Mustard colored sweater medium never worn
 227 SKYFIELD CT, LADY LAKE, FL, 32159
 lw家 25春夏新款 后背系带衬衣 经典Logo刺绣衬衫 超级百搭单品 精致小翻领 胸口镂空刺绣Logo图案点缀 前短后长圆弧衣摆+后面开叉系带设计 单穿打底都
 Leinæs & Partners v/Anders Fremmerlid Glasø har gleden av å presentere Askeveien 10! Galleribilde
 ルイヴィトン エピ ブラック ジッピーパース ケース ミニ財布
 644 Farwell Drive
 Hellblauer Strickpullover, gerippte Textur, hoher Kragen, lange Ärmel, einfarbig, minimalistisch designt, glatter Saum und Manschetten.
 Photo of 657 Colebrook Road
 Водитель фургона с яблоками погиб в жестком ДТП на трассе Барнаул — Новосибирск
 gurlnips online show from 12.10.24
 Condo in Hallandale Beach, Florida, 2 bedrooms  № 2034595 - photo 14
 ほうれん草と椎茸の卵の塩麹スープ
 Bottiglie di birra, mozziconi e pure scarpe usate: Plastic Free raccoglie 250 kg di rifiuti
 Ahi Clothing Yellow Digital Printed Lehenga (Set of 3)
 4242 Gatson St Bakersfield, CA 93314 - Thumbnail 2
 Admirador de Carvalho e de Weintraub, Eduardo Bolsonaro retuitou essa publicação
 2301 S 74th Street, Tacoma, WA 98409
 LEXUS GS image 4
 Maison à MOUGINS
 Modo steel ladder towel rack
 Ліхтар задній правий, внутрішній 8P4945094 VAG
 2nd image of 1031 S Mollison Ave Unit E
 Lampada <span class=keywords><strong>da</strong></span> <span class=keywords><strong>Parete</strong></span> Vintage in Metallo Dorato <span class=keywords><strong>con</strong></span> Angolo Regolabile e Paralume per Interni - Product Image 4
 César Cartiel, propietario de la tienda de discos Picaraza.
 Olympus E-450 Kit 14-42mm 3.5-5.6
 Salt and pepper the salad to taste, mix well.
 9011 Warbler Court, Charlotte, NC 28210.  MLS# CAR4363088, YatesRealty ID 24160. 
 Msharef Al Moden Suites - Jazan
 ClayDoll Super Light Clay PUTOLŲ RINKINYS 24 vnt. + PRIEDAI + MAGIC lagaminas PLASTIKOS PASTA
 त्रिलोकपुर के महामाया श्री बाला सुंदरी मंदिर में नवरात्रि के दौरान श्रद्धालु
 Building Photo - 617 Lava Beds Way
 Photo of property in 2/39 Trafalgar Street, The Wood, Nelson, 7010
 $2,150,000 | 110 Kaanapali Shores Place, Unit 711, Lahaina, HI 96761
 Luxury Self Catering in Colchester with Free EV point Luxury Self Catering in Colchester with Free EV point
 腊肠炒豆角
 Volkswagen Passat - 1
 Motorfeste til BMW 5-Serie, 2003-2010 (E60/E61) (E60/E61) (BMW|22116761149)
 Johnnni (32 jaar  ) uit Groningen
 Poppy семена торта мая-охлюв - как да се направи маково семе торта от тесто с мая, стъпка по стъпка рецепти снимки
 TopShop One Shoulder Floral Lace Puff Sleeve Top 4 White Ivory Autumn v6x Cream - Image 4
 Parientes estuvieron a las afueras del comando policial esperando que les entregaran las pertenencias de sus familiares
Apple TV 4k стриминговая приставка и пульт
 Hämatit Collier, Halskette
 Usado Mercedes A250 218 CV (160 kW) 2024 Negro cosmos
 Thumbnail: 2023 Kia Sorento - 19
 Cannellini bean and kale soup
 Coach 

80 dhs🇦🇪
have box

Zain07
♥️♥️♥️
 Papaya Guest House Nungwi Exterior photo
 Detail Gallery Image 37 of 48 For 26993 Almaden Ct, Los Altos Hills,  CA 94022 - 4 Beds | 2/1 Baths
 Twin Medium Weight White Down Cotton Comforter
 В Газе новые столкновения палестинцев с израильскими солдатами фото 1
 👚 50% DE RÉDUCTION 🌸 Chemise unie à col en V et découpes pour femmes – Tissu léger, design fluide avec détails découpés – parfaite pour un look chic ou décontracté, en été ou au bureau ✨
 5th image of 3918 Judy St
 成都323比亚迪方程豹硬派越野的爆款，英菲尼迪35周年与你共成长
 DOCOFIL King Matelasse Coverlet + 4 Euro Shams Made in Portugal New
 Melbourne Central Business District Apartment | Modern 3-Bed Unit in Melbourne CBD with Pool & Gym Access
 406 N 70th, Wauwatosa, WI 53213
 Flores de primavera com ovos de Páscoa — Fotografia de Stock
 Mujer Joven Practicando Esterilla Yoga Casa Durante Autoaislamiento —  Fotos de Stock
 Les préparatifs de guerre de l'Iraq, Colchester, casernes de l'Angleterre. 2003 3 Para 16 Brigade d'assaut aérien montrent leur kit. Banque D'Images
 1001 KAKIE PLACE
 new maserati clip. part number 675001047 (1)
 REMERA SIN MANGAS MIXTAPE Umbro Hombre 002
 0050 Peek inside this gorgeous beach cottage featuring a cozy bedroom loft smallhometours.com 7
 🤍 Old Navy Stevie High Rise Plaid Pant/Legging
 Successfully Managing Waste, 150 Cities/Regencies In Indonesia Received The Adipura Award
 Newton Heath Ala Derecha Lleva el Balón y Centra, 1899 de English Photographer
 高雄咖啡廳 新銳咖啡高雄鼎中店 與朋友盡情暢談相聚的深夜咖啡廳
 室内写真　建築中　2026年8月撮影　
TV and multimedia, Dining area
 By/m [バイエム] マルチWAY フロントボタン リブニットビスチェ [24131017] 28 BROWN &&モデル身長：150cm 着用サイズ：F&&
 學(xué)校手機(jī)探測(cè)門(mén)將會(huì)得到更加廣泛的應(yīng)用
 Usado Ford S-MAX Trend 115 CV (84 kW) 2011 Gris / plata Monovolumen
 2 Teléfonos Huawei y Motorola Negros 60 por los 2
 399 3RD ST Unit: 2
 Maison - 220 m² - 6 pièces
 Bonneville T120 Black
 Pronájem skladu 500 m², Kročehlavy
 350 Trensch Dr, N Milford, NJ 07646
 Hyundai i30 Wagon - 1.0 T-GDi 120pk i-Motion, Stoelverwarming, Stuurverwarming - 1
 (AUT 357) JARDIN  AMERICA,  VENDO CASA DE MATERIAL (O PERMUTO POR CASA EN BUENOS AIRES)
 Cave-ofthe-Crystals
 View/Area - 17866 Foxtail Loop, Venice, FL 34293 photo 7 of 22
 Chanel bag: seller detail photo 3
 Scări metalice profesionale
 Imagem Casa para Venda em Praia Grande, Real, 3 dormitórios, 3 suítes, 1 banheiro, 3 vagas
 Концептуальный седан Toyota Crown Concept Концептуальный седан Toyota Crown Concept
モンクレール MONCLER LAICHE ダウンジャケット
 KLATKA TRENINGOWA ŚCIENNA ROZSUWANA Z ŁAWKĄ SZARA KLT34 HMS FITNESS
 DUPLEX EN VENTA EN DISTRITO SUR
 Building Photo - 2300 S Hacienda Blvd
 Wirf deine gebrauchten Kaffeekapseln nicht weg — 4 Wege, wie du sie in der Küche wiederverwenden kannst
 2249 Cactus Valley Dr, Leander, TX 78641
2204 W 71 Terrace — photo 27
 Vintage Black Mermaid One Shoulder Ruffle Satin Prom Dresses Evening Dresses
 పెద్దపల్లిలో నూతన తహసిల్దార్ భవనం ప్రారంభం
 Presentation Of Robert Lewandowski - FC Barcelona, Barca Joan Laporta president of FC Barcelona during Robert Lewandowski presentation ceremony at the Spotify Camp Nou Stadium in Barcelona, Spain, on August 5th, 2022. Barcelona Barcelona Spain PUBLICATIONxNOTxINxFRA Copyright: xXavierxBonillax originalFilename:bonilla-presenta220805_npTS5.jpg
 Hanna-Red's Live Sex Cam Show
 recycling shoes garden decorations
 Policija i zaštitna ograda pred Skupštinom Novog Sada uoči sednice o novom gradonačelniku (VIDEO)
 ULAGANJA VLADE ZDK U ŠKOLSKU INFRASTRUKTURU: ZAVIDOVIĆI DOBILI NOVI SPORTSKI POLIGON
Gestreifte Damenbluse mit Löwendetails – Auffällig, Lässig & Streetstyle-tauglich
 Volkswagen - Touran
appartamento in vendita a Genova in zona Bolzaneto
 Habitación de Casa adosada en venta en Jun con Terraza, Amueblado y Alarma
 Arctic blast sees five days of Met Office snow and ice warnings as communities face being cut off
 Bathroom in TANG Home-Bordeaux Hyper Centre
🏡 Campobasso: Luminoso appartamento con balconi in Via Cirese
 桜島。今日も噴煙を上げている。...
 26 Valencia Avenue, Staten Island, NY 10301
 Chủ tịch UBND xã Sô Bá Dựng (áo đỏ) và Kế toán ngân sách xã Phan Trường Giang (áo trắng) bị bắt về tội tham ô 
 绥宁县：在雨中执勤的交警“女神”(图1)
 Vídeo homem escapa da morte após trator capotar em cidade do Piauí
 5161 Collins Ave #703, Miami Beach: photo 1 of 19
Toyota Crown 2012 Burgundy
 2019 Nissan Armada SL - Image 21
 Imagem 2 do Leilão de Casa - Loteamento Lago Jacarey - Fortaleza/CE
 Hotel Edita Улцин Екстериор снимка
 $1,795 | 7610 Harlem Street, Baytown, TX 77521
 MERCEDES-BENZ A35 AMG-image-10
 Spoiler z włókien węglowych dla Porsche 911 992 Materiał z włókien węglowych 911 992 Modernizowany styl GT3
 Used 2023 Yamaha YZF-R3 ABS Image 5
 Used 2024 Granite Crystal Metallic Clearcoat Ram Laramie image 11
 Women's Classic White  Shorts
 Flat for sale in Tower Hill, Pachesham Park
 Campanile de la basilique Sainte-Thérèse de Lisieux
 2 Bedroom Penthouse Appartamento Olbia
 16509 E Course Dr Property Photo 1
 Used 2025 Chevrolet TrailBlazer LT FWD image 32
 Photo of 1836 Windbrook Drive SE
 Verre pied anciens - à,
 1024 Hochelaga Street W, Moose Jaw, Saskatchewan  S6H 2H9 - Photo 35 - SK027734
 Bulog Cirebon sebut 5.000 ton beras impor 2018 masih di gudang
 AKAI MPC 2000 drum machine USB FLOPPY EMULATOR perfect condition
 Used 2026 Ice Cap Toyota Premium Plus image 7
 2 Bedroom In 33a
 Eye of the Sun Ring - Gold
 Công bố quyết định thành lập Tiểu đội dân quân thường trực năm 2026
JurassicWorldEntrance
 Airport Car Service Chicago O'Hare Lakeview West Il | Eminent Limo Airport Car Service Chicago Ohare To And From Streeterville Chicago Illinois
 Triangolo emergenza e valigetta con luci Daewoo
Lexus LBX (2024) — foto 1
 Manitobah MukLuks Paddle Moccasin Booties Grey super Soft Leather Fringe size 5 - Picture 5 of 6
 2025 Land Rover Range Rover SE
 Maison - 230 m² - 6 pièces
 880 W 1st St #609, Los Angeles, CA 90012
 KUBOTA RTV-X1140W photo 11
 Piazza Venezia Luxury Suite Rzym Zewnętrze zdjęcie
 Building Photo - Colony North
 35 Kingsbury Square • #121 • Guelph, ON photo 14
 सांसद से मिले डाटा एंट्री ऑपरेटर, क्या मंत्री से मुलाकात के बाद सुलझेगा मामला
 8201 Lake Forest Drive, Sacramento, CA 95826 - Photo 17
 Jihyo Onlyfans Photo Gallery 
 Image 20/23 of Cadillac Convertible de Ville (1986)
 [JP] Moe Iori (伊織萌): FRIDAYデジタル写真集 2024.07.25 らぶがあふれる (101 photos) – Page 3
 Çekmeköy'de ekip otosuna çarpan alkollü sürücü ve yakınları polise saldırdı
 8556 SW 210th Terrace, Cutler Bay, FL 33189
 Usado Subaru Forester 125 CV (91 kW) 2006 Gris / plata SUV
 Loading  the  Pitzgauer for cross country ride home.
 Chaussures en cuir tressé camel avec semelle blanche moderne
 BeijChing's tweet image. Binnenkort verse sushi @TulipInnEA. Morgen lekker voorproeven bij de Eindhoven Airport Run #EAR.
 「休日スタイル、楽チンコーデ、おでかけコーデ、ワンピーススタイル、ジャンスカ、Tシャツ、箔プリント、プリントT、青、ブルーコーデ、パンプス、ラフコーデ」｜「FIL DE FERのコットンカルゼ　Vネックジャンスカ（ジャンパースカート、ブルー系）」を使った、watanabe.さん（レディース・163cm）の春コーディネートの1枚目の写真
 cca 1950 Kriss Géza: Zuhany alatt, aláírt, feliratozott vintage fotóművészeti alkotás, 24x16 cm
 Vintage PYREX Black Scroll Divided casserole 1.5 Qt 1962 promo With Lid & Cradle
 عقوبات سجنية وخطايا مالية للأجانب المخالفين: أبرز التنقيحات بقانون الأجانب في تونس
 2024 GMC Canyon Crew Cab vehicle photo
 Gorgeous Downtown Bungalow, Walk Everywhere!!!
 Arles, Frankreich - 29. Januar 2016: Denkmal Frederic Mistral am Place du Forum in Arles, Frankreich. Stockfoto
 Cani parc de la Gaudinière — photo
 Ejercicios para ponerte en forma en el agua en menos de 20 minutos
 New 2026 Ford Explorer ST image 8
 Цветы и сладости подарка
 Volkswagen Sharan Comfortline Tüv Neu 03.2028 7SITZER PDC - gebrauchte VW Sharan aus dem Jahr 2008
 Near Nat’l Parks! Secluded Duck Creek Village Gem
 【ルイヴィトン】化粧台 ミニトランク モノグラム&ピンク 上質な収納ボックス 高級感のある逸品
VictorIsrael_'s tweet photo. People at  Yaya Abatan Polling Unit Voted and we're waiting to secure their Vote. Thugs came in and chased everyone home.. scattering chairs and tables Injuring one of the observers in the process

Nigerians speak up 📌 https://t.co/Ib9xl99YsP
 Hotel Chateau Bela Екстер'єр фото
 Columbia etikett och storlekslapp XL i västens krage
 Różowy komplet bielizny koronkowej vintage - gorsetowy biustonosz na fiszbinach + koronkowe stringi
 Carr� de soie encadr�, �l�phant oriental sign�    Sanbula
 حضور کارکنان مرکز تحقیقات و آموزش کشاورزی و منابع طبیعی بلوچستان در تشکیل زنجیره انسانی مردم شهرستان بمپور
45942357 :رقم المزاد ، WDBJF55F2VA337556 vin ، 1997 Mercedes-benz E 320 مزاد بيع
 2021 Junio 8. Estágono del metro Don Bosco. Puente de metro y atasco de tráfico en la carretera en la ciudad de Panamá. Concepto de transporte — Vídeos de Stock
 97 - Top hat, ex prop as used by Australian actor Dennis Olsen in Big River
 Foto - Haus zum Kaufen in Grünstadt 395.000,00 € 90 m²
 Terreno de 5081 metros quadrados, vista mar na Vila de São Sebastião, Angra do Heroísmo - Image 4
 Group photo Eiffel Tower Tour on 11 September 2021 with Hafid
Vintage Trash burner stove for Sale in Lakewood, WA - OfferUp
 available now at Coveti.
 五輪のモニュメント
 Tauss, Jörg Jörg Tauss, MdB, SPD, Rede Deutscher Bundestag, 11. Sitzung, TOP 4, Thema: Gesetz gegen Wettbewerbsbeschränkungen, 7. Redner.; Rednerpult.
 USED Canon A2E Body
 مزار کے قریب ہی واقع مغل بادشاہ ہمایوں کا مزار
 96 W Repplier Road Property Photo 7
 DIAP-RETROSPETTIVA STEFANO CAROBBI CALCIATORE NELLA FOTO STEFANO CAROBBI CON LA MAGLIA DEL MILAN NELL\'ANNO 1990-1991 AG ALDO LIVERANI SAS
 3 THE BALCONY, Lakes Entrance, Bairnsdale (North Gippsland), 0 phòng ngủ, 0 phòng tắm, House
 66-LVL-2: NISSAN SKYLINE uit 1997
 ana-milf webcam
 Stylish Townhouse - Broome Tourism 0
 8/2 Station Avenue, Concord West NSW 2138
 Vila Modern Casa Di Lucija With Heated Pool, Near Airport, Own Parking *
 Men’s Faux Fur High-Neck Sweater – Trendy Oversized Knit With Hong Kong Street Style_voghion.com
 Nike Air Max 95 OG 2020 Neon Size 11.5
_____
:: Prompt ::
Up to and including the line containing "644 Farwell Drive", please write out the listing exactly, starting from its first line.

:: Response area ::
Mustard colored sweater medium never worn
 227 SKYFIELD CT, LADY LAKE, FL, 32159
 lw家 25春夏新款 后背系带衬衣 经典Logo刺绣衬衫 超级百搭单品 精致小翻领 胸口镂空刺绣Logo图案点缀 前短后长圆弧衣摆+后面开叉系带设计 单穿打底都
 Leinæs & Partners v/Anders Fremmerlid Glasø har gleden av å presentere Askeveien 10! Galleribilde
 ルイヴィトン エピ ブラック ジッピーパース ケース ミニ財布
 644 Farwell Drive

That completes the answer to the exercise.